Exercise material Block Start

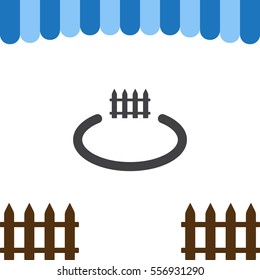 Fence Icon Vector flat design style
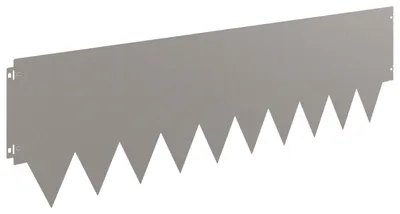 Zdjęcie produktu dla vidaXL Ograniczniki do trawnika, 10 sztuk, 103 x 30 cm, stal, wygląd imitujący rdzę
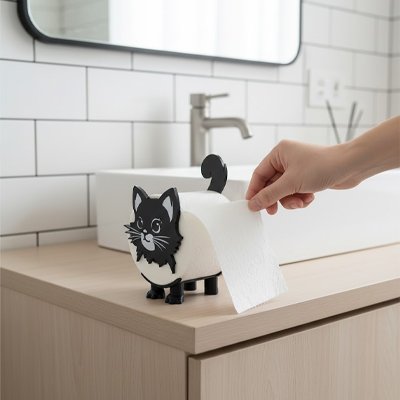 Porte papier toilette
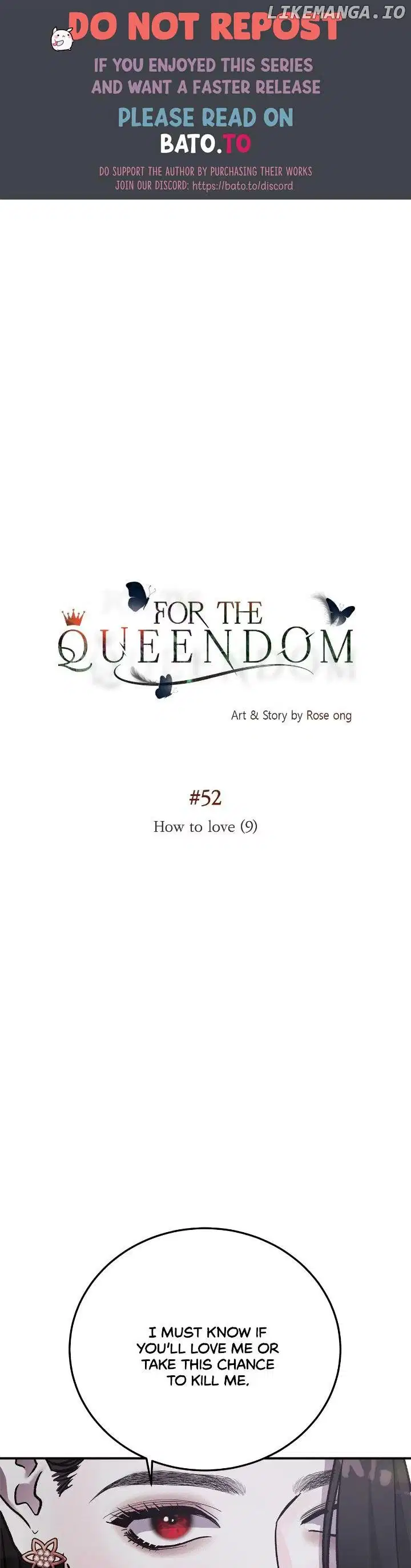 For The Queendom chapter 52 page 1
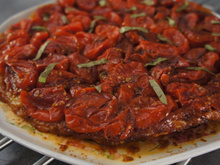 Tatin aux tomates cerises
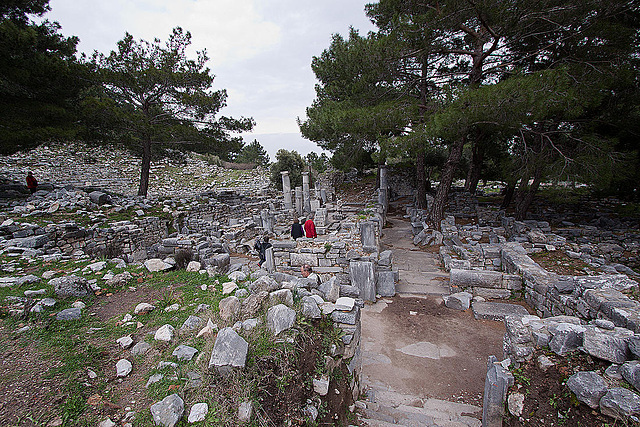 20120315 7778RWw [TR] Priene, Byzantinische (Bischofs) Kirche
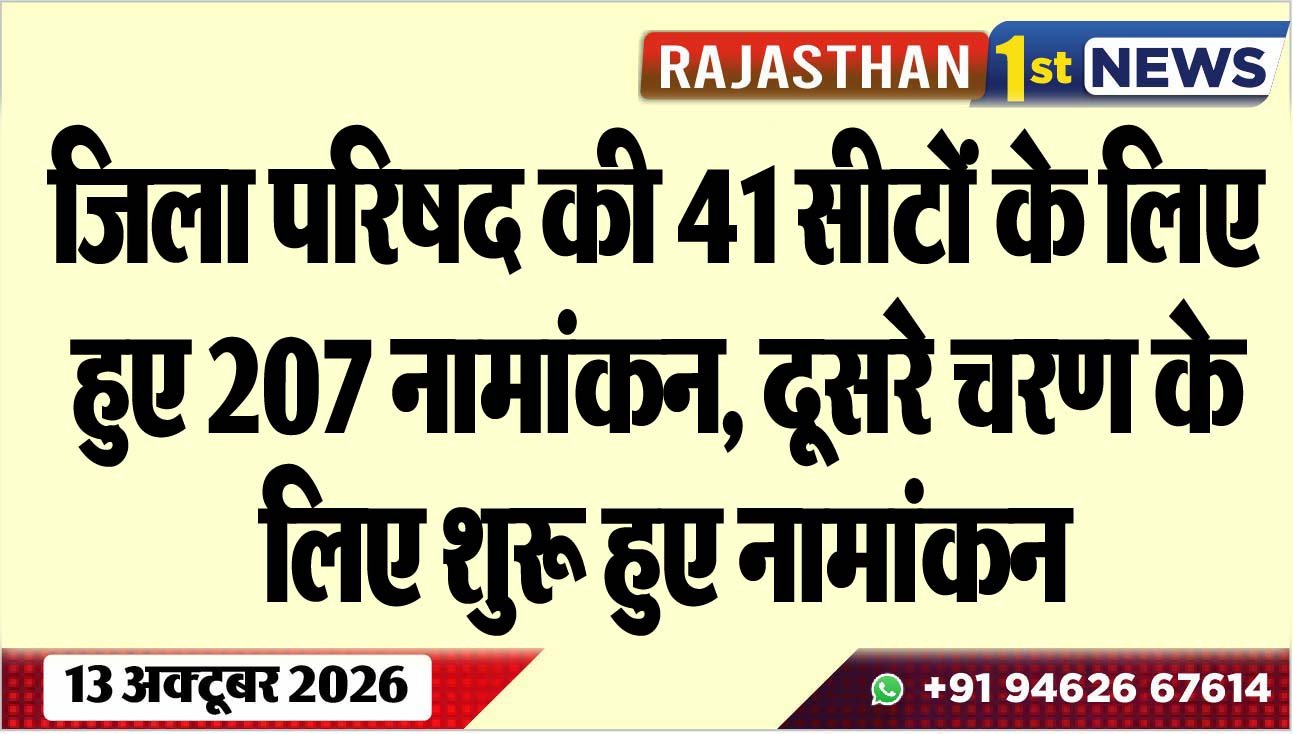 जिला परिषद की 41 सीटों के लिए हुए 207 नामांकन, दूसरे चरण के लिए शुरू हुए नामांकन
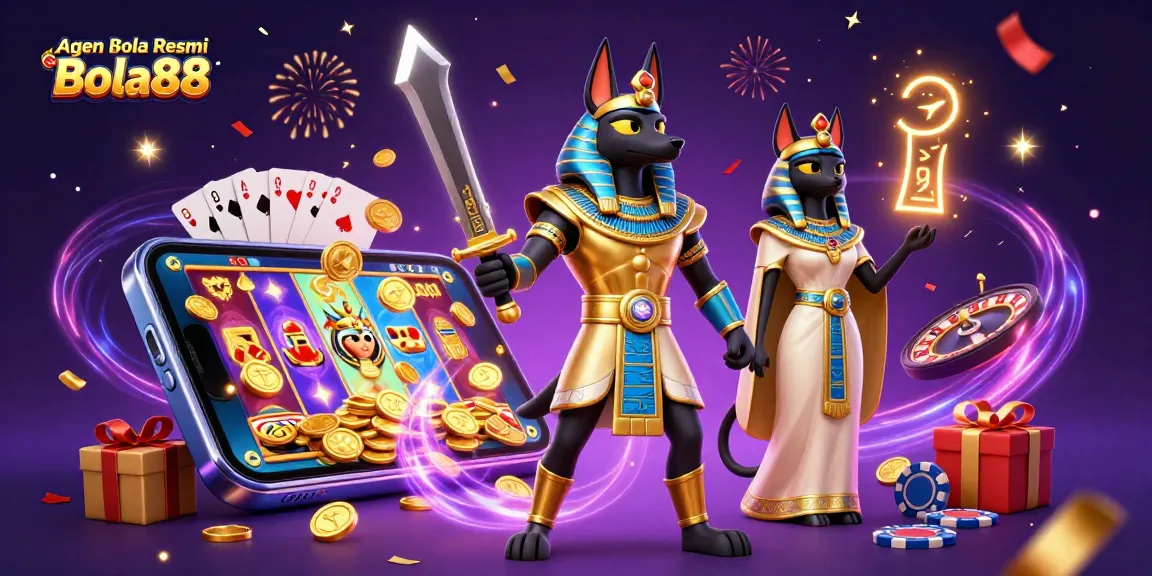 Agen Bola Resmi Bola88 showcases engaging casino dynamics with vibrant characters and rich game visuals.
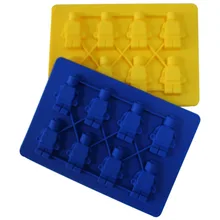 Силиконовые 8x Робот Форма для льда ванны лоток Цвет синий мороженое куб инструменты для мороженого силиконовая форма для выпечки, шоколада инструменты для тортов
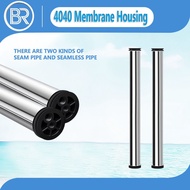 Stainless Steel Membrane Vessel Housing PVC End Cap 4040 Seam/Seamless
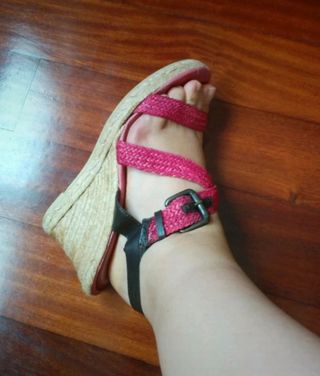 Alpargatas rosas. Talla 38. Made in Spain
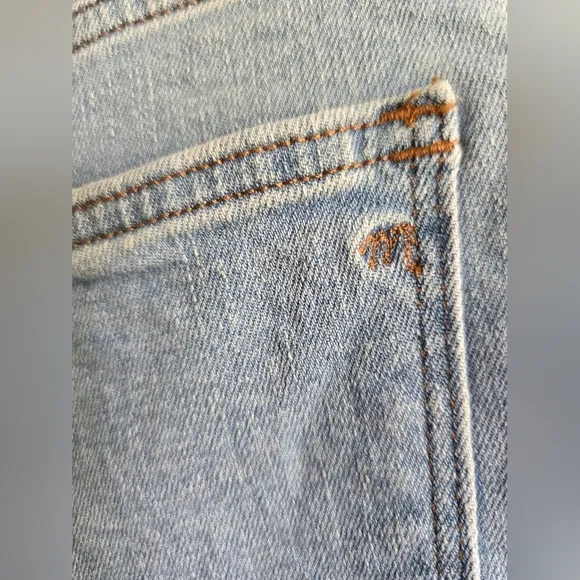 NWT Madewell, High-Rise Denim Shorts, Littleton Wash, NFO31, Size 27‎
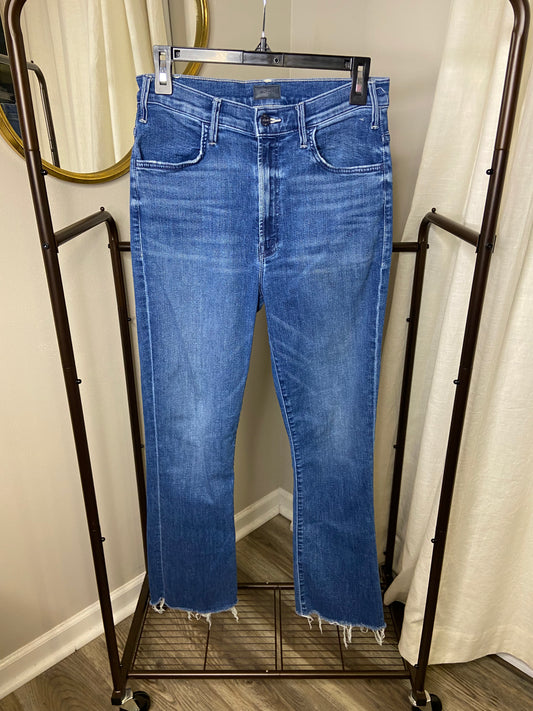 Mother The Hustler Ankle Fray Jeans size 30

Exercise material Block End

--- Work request ---
For this exercise, return the data above exactly and leave every picture out.

--- Solution to this task ---
 Fence Icon Vector flat design style
 Zdjęcie produktu dla vidaXL Ograniczniki do trawnika, 10 sztuk, 103 x 30 cm, stal, wygląd imitujący rdzę
 Porte papier toilette
 For The Queendom chapter 52 page 1
 Tatin aux tomates cerises
 20120315 7778RWw [TR] Priene, Byzantinische (Bischofs) Kirche
 जिला परिषद की 41 सीटों के लिए हुए 207 नामांकन, दूसरे चरण के लिए शुरू हुए नामांकन
 Agen Bola Resmi Bola88 showcases engaging casino dynamics with vibrant characters and rich game visuals.
 Силиконовые 8x Робот Форма для льда ванны лоток Цвет синий мороженое куб инструменты для мороженого силиконовая форма для выпечки, шоколада инструменты для тортов
 Stainless Steel Membrane Vessel Housing PVC End Cap 4040 Seam/Seamless
 Alpargatas rosas. Talla 38. Made in Spain
 NWT Madewell, High-Rise Denim Shorts, Littleton Wash, NFO31, Size 27‎
 Mother The Hustler Ankle Fray Jeans size 30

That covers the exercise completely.